Fiquei horrorizado quando vi Holmes na manhã seguinte, pois estava sentado diante do fogo segurando sua fina seringa hipodérmica. Associei aquele instrumento à única fraqueza de sua natureza, e temi o pior quando a vi cintilando em sua mão. Ele riu ao ver minha expressão de aflição e a deixou sobre a mesa.
– Não, não, meu caro amigo, não há motivo para alarme. Nesta ocasião não é um instrumento do mal, mas será a chave que desvendará nosso mistério. Nesta seringa deposito todas as minhas esperanças. Acabei de voltar de uma pequena expedição de reconhecimento, e tudo está favorável. Tome um bom café-da-manhã, Watson, pois pretendo ficar na pista do dr. Armstrong hoje, e quando estiver nela não vou parar para descansar ou comer até chegar à sua toca.
– Nesse caso – eu disse – seria melhor levar conosco nosso desjejum, pois ele está saindo cedo. Sua carruagem já está esperando.
– Não se preocupe. Deixe-o ir. Ele seria mais esperto se tomasse um caminho por onde eu não o pudesse seguir.
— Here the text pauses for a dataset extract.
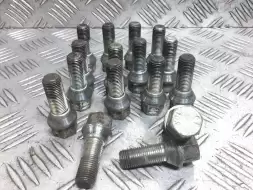 Болт колесный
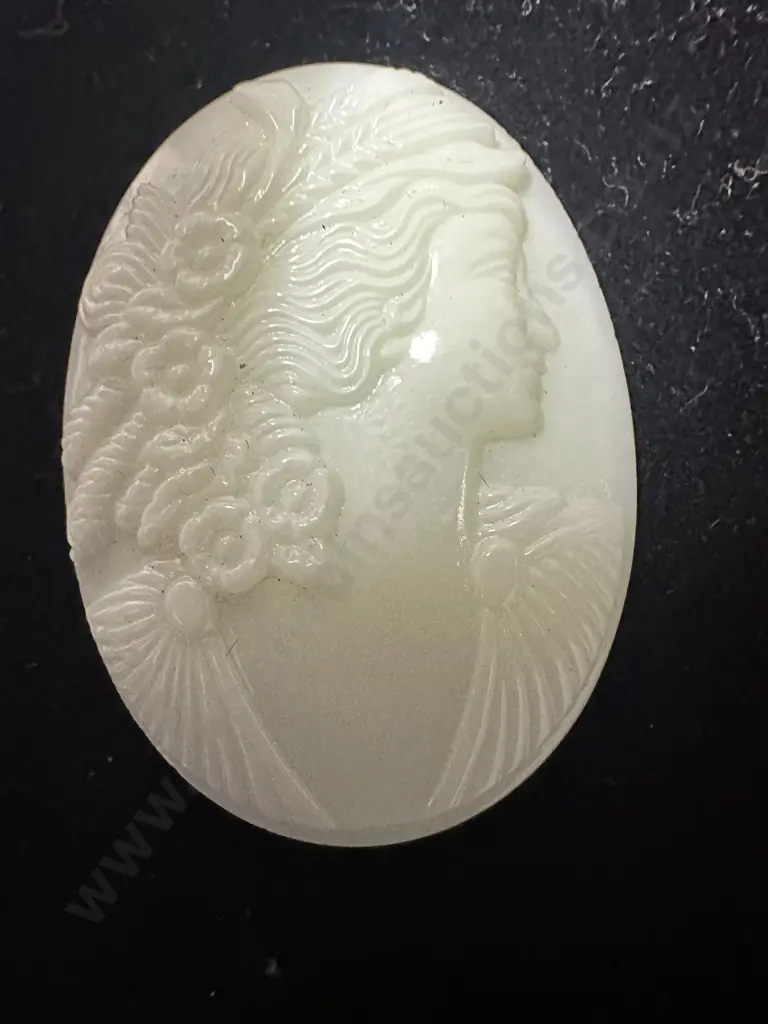 Vintage Czech Opaline Uranium Figural Cameo Cabochen H4,W3cm. Image 1++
Quando você tiver terminado, desça comigo e eu o apresentarei a um detetive que é um grande especialista no trabalho que temos pela frente.
Quando descemos, segui Holmes até o estábulo, onde abriu a porta de uma espécie de jaula e libertou um cachorro malhado, atarracado, de orelhas caídas, algo entre um beagle e um cão de caça.
– Deixe-me apresentá-lo a Pompey – disse. – Pompey é o orgulho dos farejadores locais – não muito veloz, como sua constituição mostrará, mas um cão seguro numa pista. Bem, Pompey, você pode não ser veloz, mas acho que será rápido demais para uma dupla de cavalheiros de meia-idade de Londres, de modo que tomarei a liberdade de atar esta tira de couro em sua coleira. Agora, garoto, venha e mostre o que pode fazer. – Levou-o até o portão da casa do doutor. O cão farejou por um instante, e depois, com uivo agudo de excitação, correu pela rua, puxando a tira de couro, em seu esforço para andar mais depressa. Em meia hora estávamos fora da cidade, correndo por uma estrada do campo.
– O que fez, Holmes? – perguntei.
– Um ardil batido e venerável, mas útil nesta ocasião. Fui até o pátio do doutor esta manhã e esvaziei minha seringa cheia de erva-doce na roda traseira. Um farejador seguirá a erva-doce daqui até a China, e nosso amigo, Armstrong, teria que atravessar um rio para tirar Pompey de sua pista. Oh, o patife esperto! Foi assim que me despistou naquela noite.
O cachorro saiu de repente da estrada principal e entrou numa pastagem. Meio quilômetro adiante havia outra estrada larga, e a trilha virava para a direita, em direção à cidade que acabáramos de deixar. A estrada fazia uma curva para o sul da cidade e continuava no sentido oposto ao daquele de onde partimos.